Görevden alındıktan sonra 2019 yılında yerine kayyım atanan Van Büyükşehir Belediyesi Eşbaşkanı Mustafa Avcı’nın da aralarında bulunduğu, siyasetçi ve çiftçiler, toplumsal üretim hedefiyle “Tarımsal Ürünleri İşletme Kooperatifi (VAT-İŞ KOOP) kurdu.
İlk aşama, bölgeye özgü olmayan küçük ölçekli test amaçlı mini bahçelerde üretime başlandı.
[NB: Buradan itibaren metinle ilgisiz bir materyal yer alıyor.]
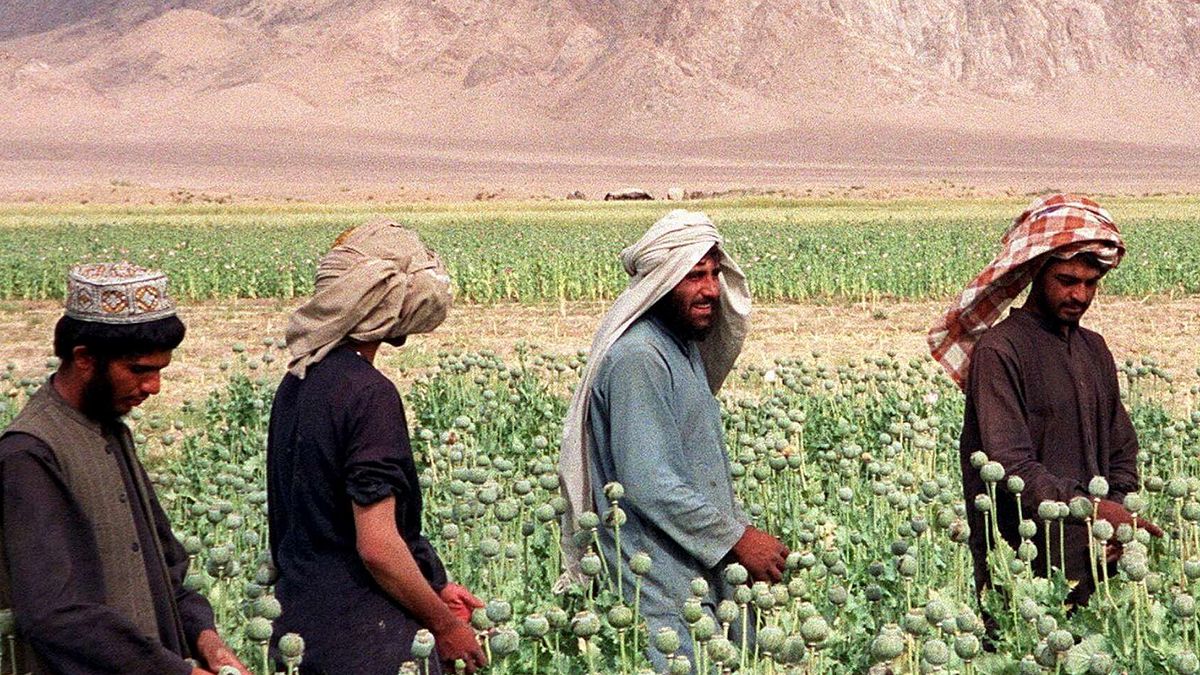 Contadini afghani in un campo di oppio © Ansa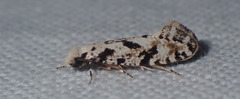 Nemapogon nevadella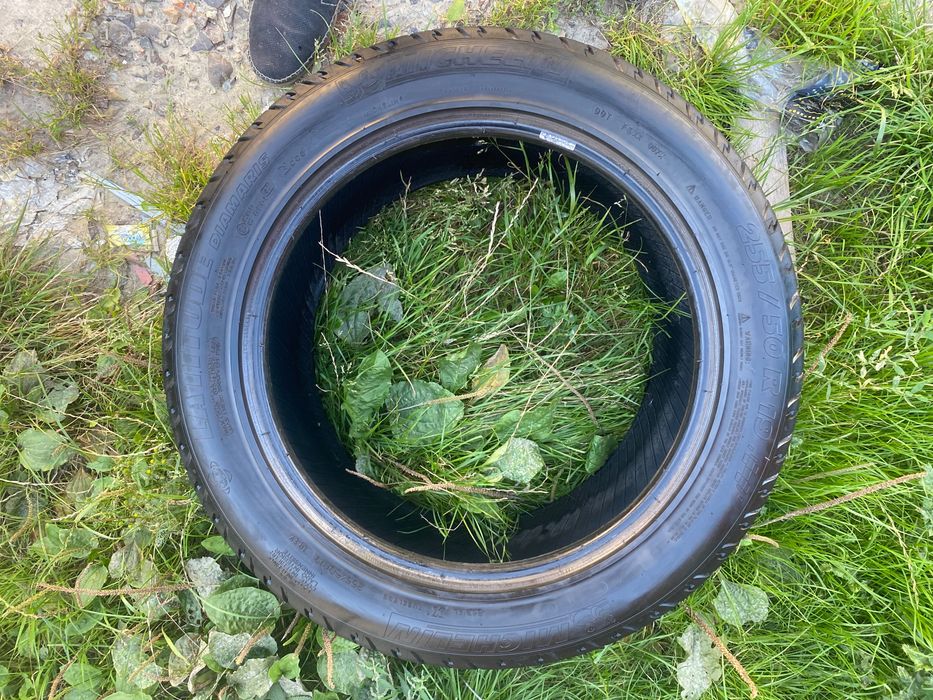 255/50/19 мішелін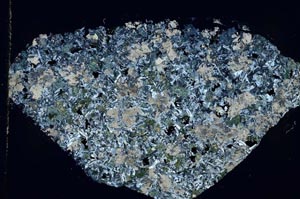 Cross Polarized, S54893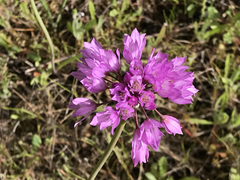 Allium serra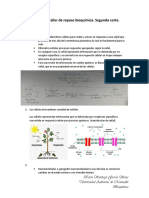 Respuestas Taller de Repaso Bioquímica PDF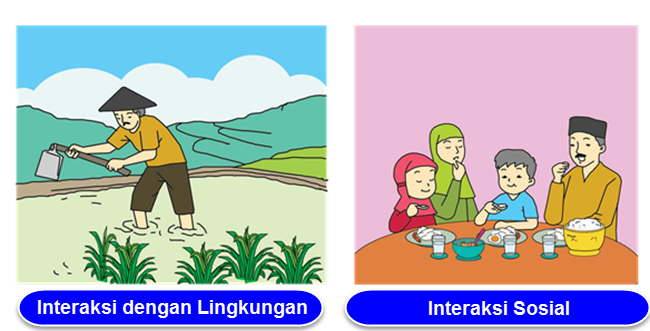 Interaksi Sosial Dan Interaksi Dengan Lingkungan 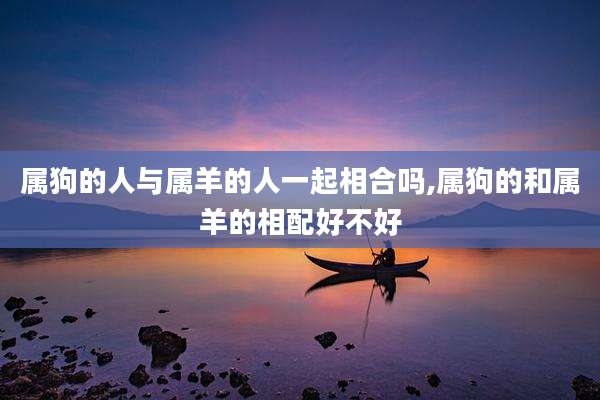 属狗的人与属羊的人一起相合吗,属狗的和属羊的相配好不好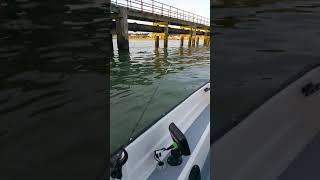 Bass Fishing Southampton Water Boat Fishing Southcoast United Kingdom 🇬🇧 [upl. by Ahsenauj]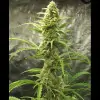 Auto Critical XL REBAJAS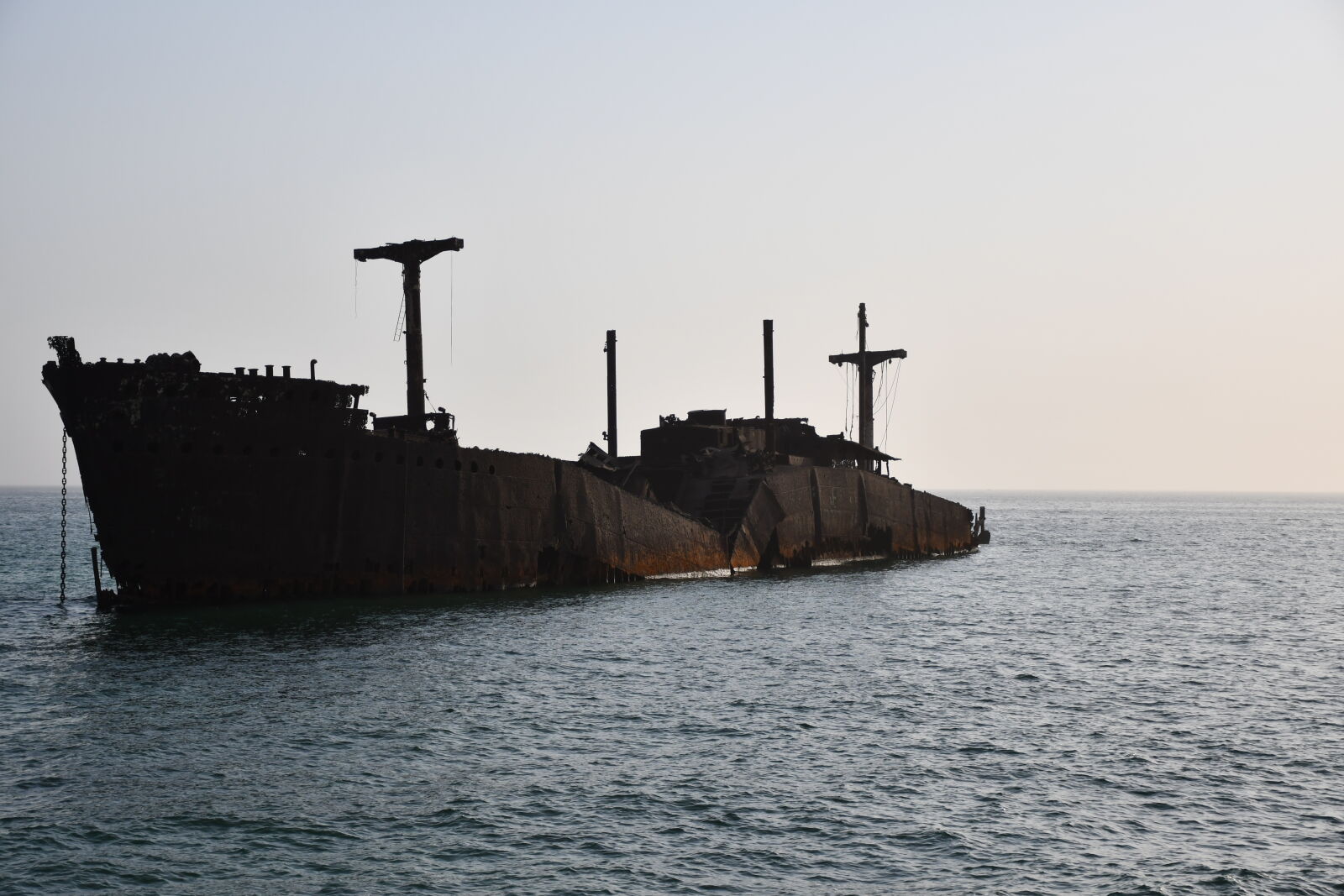 Nikon D7500 sample photo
Başta lavanta olmak üzere birçok ürünün test aşamasını geçmesiyle çeşitli ürünlerde tarımsal faaliyete başlandı.
Ekimine 4 yıl öncesine başlanan ve yüzlerce hektara ekilen lavanta ilk hasadını verdi. Van’ın Tuşba ilçesinde göl kıyısında yetiştirilen lavantaların ilk hasadı başlarken, Kooperatif Eşbaşkanı Mustafa Avcı temel amacın komünal toplum paradigmasına hizmet etmek olduğunu söyledi.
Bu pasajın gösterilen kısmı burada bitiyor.